8. Students perform an interactive exercise. The teacher makes sure that the task has been correctly completed and gives feedback.

Summary

1. The teacher plays the recording of the abstract. Every now and then he stops it, asking the students to tell in their own words what they have just heard. In this way, students consolidate information learned during the lesson and practice listening comprehension.

2. The teacher asks the students to finish the following sentences:

   • Today I learned ...

   • I understood that …

   • It surprised me …

   • I found out ...

   The teacher can use the interactive whiteboard in the abstract or instruct students to work with it

Homework

1. Carry out task number nr 3.1.

The following terms and recordings will be used during this lesson

Terms

Texts and recordings

Water and its properties – molecular structure

Water is a substance made of molecules. Each molecule consists of two hydrogen atoms connected with one oxygen atom. Oxygen and hydrogen atoms are connected by polar covalent bonds. Hydrogen and oxygen atoms do not lie along one line, the bonds between them form an angle of about 104.5 °.

As we know, opposite (positive and negative) charges attract each other. This is also the case with water molecules – the hydrogen atom of one molecule can interact electrostatically with an oxygen atom of the other molecule. This phenomenon can be clearly observed in water in liquid and solid state. In water in the liquid phase, apart from free molecules, there are also clusters of molecules that form exactly in the result of electrostatic attraction. These clusters are not permanent. Some molecules are released from them, while others join the system. In the solid state, water molecules, due to electrostatic interactions, form relatively stable structures.

The phenomenon of particles (molecules, ions, atoms) interconnecting to form larger systems composed of two or more particles as a result of electrostatic interactions is called association.

The polar structure of water molecules has its consequences – the physical properties of water. Usually, the particles in solids are closer to each other than in liquids, and a substance in the solid state has a higher density than in the liquid state. In the case of water, solid phase molecules form structures that leave a lot of free space; this is why the distances between particles are larger in ice than in water. For this reason ice has a lower density than water in the liquid state.

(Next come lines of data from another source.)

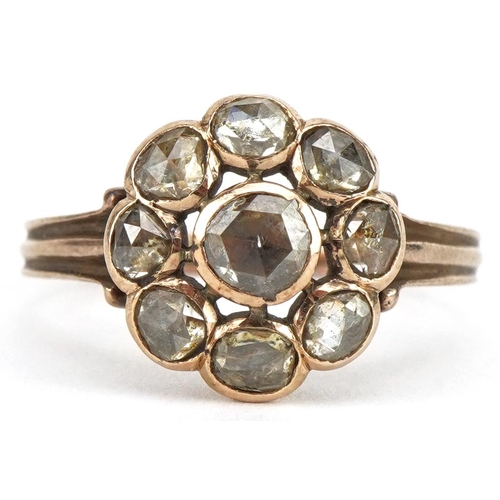 3025 - Antique unmarked gold diamond flower head ring, the central diamond approximately 4.20mm in diameter... 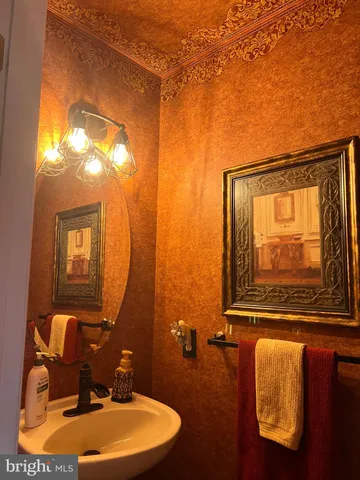 a kitchen with stainless steel appliances granite countertop a sink a stove and refrigerator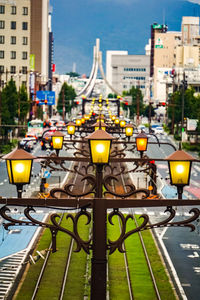 Street lights against buildings in city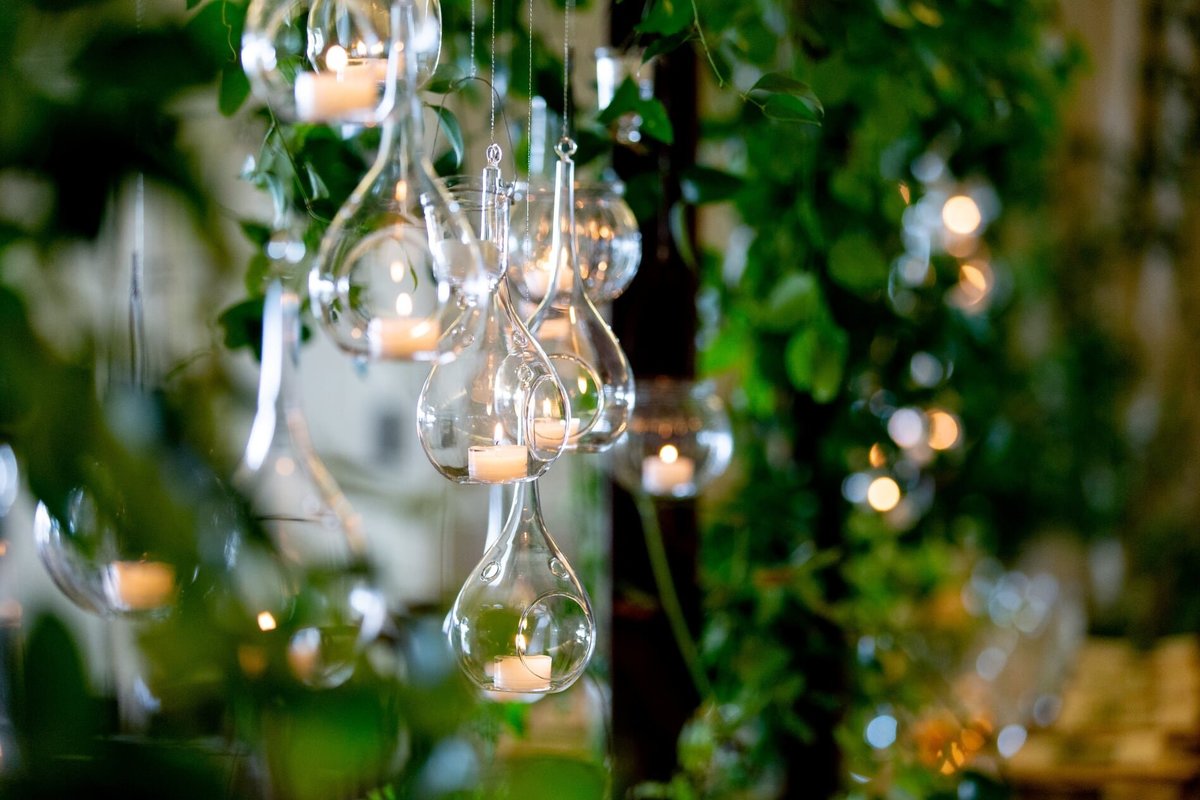 hanging candles suspended from wooden trellis above each reception table at Newcastle Golf Club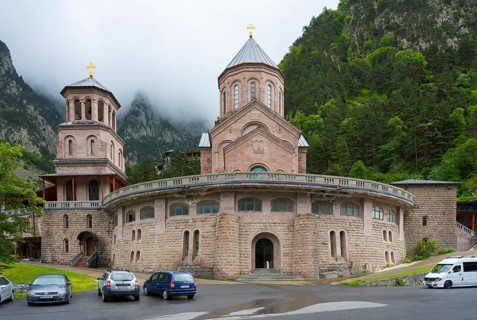 Historic monastery building surrounded by mountains and clouds in a peaceful atmosphere, Dariali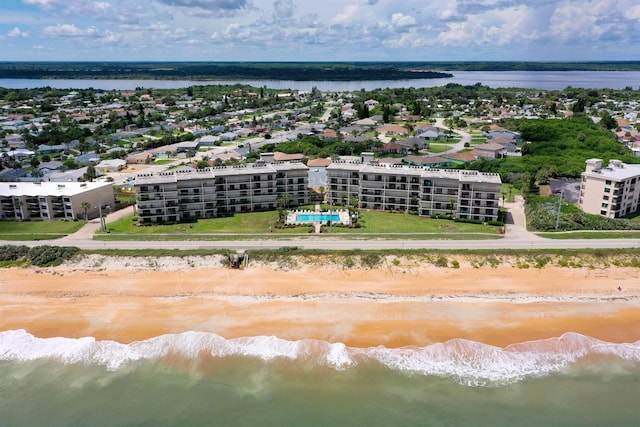 drone / aerial view featuring a beach view and a water view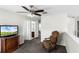 Upstairs bedroom with decorative chair, TV and doorway to the en suite bath at 1907 Lakeview Way, Kissimmee, FL 34759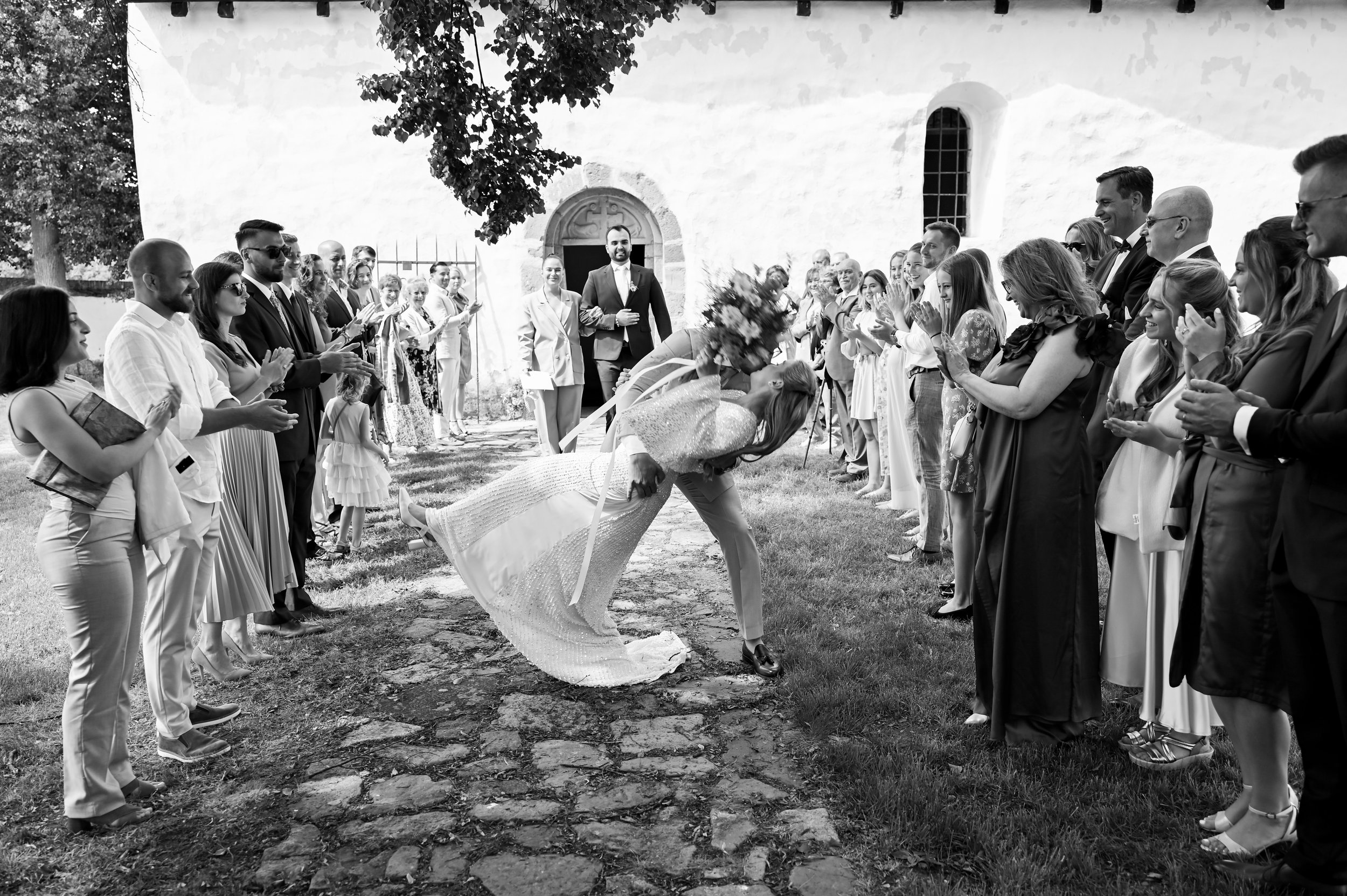 A bride tipping upside down during a wedding ceremony outdoors, surrounded by guests clapping and smiling in front of a white church building.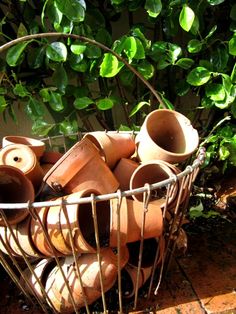 a basket full of clay pots sitting on the ground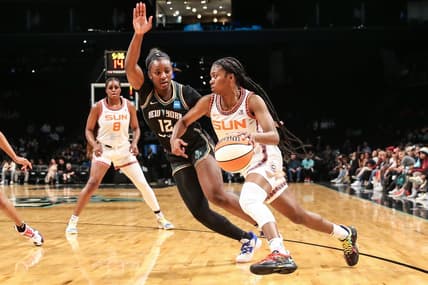 May 17, 2022; Brooklyn, New York, USA;  Connecticut Sun guard Nia Clouden (11) and New York Liberty forward Michaela Onyenwere (12) at Barclays Center. Mandatory Credit: Wendell Cruz-USA TODAY Sports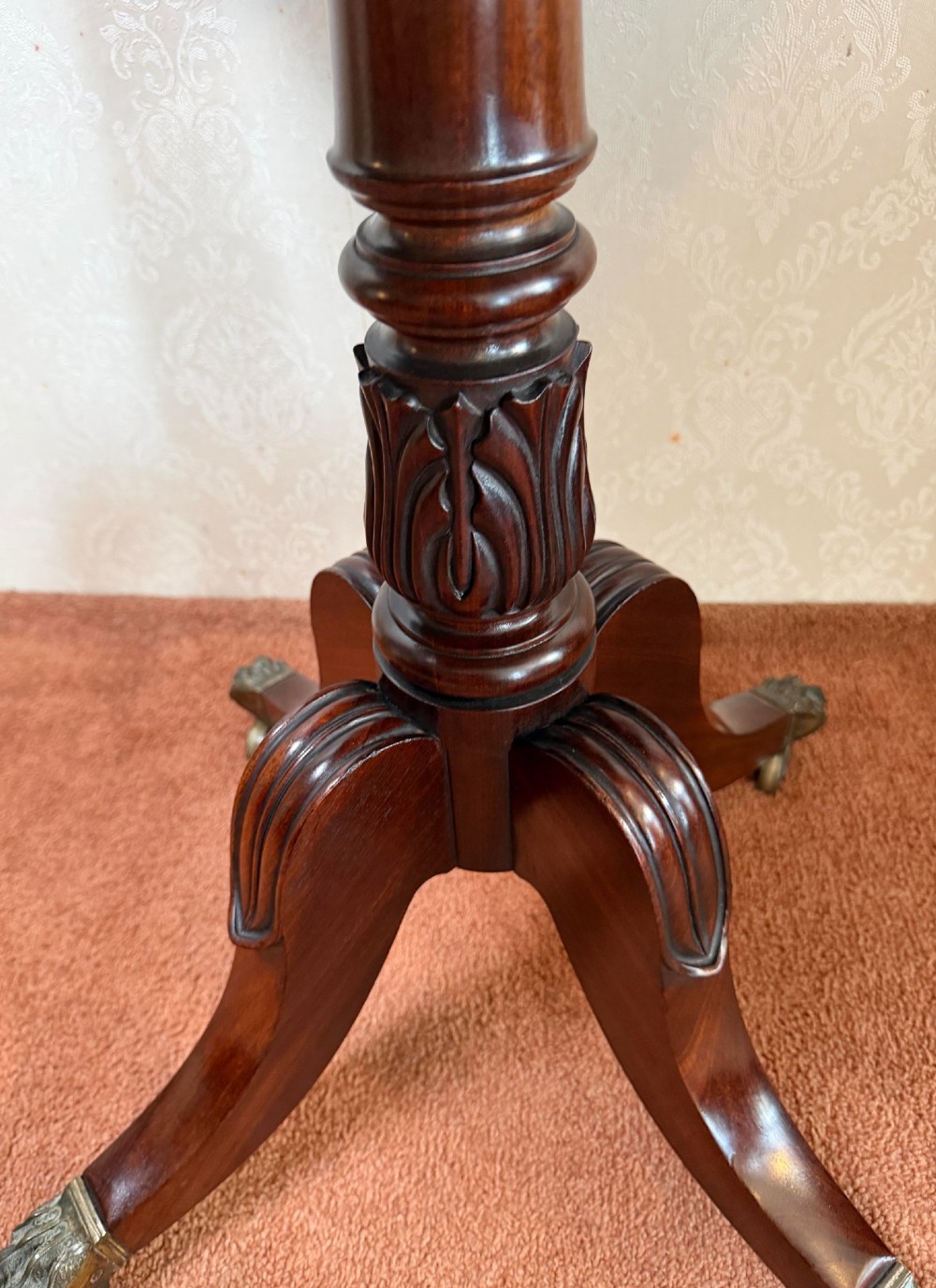 An antique Regency mahogany work table featuring a carved acanthus pedestal column, quadruped splayed legs with brass paw castors, and a hinged lid revealing a fitted compartment. View VII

Understanding the physical properties of water will be easier if we recall a few facts about the states of matter.

When a substance changes its state from solid to liquid and then gaseous, energy must be supplied so that molecules can move away from each other. The more energy has to be supplied, the higher the melting point and the boiling point of the substance.

As ice passes into liquid, water molecules must free themselves from electrostatic interactions and then obtain energy that will allow them to move. Similarly, during vaporization, water molecules must obtain the energy needed to overcome electrostatic forces and necessary to move away from each other over long distances and to move around. Therefore, water has relatively high melting and boiling point. Much higher than substances with a similar structure, with molecules that do not interact with one another, e.g. hydrogen chloride ($\text{HCl}$) or hydrogen sulfide (${\text{H}}_{\text{2}}\text{S}$).

• Water is a polar substance. There is a partial negative charge on the oxygen atom, while on hydrogen atoms – positive one.

• Water molecules in water in the liquid phase interact with one another: the hydrogen atom of one molecule interacts electrostatically with the oxygen atom of the other molecule, and next to the free molecules there are clusters of molecules that persist due to electrostatic attraction.

• Water molecules in ice form ordered structures in which they are at greater distances from one another than in water in the liquid state. Ice has lower density than water.

• Water dissolves substances that are also polar. It also dissolves most of the ionic compounds.